Earlier this month near the Texas Motor Speedway, a car accident caused by a driver who ran a red light left two children injured and their father dead.
The licensed Fort Worth car accident lawyers at Anderson Cummings note that this collision occurred shortly after the U.S. Centers for Disease Control (CDC) unveiled a new report indicating that child deaths in auto accidents is on the decline. Between 2002 and 2011, the number of children who have lost their lives in an auto accident decreased by nearly 45 percent.
Serious personal injuries to children remain a major problem though, about 9,000 children under the age of 12 were still fatally injured during this time. It is estimated that 150,000 children are injured in traffic collisions each year.

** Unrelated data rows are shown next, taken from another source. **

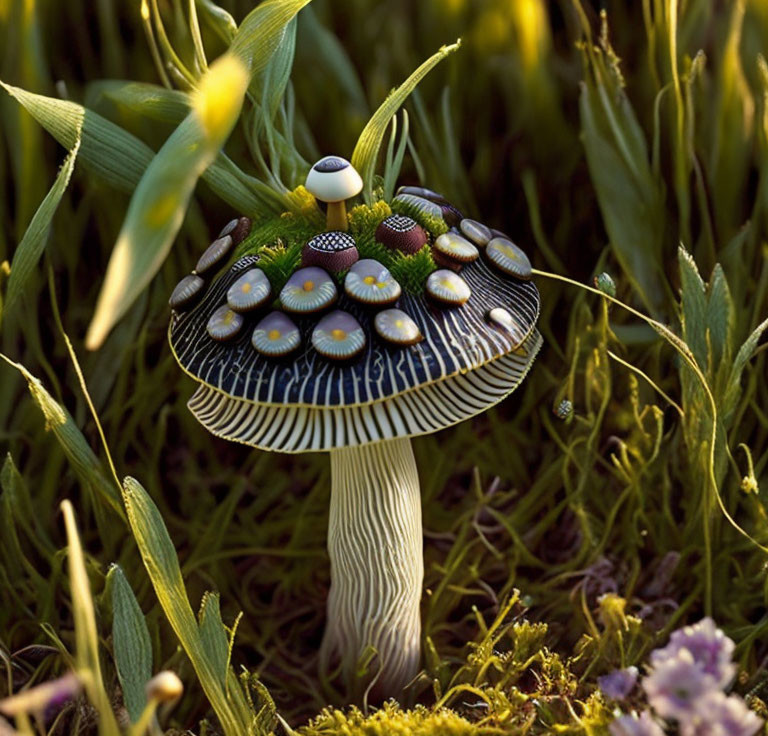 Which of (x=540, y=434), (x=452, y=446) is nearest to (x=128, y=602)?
(x=452, y=446)

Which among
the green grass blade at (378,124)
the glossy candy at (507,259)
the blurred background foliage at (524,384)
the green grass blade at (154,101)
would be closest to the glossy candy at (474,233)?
the glossy candy at (507,259)

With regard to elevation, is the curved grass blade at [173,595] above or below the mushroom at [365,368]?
below

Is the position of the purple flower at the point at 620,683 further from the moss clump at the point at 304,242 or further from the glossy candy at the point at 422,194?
the glossy candy at the point at 422,194

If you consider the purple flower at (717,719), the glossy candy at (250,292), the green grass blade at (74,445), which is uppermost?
the glossy candy at (250,292)

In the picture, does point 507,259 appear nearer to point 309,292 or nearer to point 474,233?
point 474,233

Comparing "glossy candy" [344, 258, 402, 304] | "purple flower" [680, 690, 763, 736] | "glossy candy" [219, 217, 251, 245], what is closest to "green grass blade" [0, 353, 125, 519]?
"glossy candy" [219, 217, 251, 245]

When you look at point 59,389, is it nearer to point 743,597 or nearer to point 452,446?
point 452,446
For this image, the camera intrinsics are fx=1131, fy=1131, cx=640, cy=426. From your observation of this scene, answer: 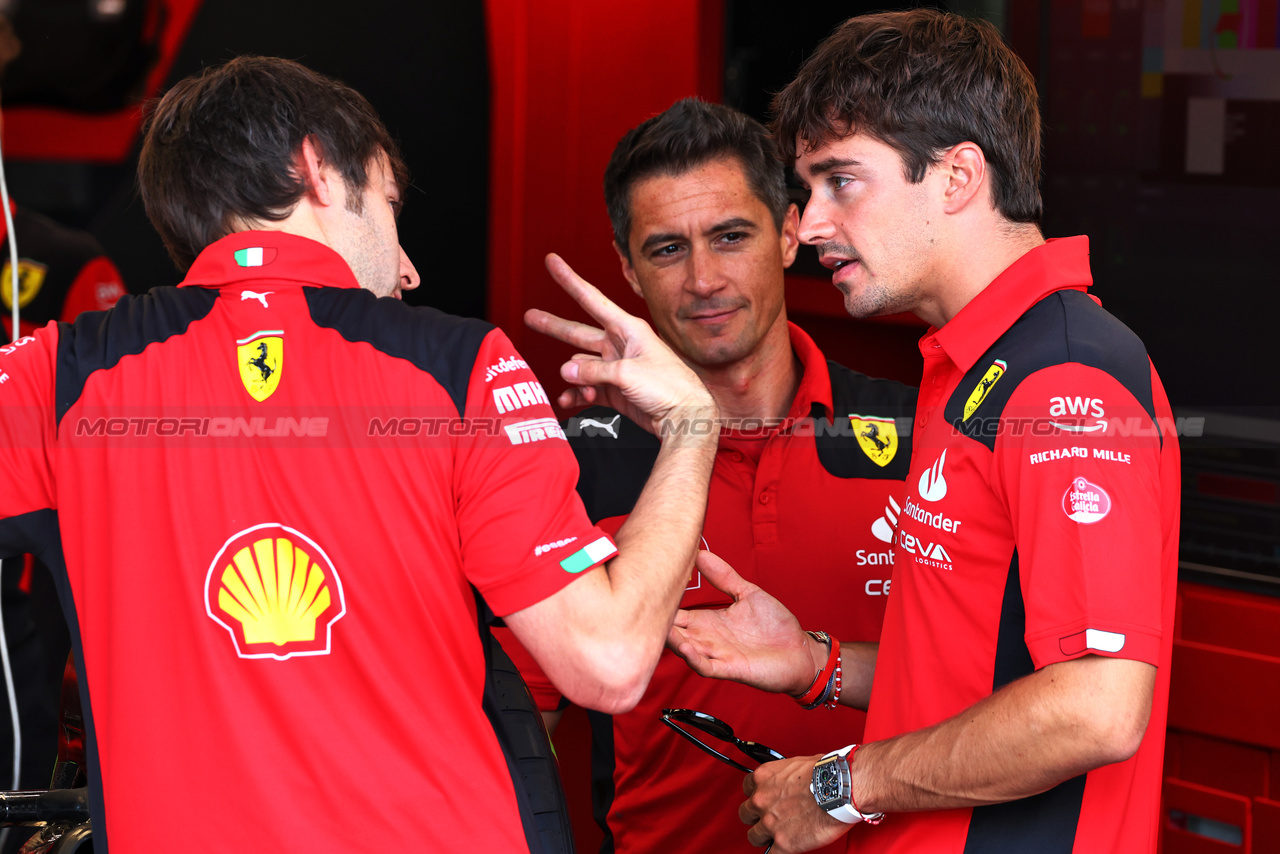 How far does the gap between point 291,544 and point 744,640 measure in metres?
0.55

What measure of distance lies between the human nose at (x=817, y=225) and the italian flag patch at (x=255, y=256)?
51 centimetres

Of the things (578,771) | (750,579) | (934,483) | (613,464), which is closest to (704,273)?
(613,464)

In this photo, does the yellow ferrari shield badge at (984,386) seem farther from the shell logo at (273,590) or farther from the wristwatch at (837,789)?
the shell logo at (273,590)

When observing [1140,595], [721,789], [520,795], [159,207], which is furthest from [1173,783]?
[159,207]

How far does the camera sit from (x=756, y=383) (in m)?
1.60

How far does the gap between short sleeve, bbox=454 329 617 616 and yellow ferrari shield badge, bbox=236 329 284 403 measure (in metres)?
0.16

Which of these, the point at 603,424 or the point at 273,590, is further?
the point at 603,424

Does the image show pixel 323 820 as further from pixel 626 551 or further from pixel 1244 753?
pixel 1244 753

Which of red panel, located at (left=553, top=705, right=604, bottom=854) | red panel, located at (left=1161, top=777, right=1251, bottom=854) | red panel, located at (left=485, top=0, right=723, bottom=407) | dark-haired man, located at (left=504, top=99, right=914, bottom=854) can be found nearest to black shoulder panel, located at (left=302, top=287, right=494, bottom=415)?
dark-haired man, located at (left=504, top=99, right=914, bottom=854)

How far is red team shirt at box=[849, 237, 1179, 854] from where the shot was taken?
0.84 m

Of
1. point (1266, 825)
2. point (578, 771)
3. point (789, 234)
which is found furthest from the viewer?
point (578, 771)

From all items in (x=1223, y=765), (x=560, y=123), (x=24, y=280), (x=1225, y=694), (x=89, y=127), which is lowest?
(x=1223, y=765)

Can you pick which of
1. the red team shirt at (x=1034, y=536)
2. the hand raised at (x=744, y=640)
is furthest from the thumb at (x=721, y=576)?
the red team shirt at (x=1034, y=536)

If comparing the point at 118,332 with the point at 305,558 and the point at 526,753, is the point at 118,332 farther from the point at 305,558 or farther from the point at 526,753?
the point at 526,753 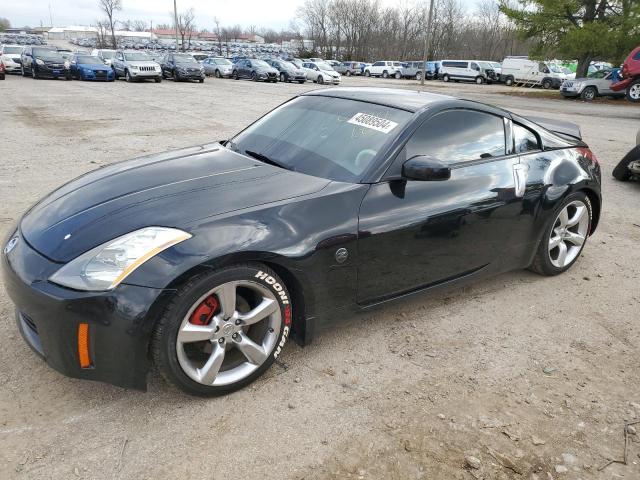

One encouraging statistic from the study is that seat belt use among children grew to 91 percent in 2011 and older children are less likely than younger ones to be properly belted.
The CDC recommends that children under 2 be placed in rear-facing car seats; children under 5 in forward facing child seats; children under the age of 8 may be placed in a booster seat. However, each state has their own laws on age and height requirements for children needing booster seats.
Although child safety seats are meant to protect our children, car seats may not function as intended.
Graco recently recalled 4 million car safety seats because children could become trapped which poses a serious danger in situations such as a fire or car collision. When food or dried liquid comes in contact with the buckle, the buckle may become more and more difficult to unlatch.
Additionally, the car seat manufacturer is refusing to recall another seven models even though federal regulators are urging the company to do so. The National Highway Traffic Safety Administration (NHTSA) is still investigating the matter.
The NHTSA is also investigating several Evenflo car seats after it was reported that they have a similar design to the recently recalled Graco seats.
Such information should not deter parents from using car seats, but replacement kits should be sought out immediately.
Parents should also make sure they install a car seat correctly as the CDC points out that 70 percent of car and booster seats observed in a survey were incorrectly being used.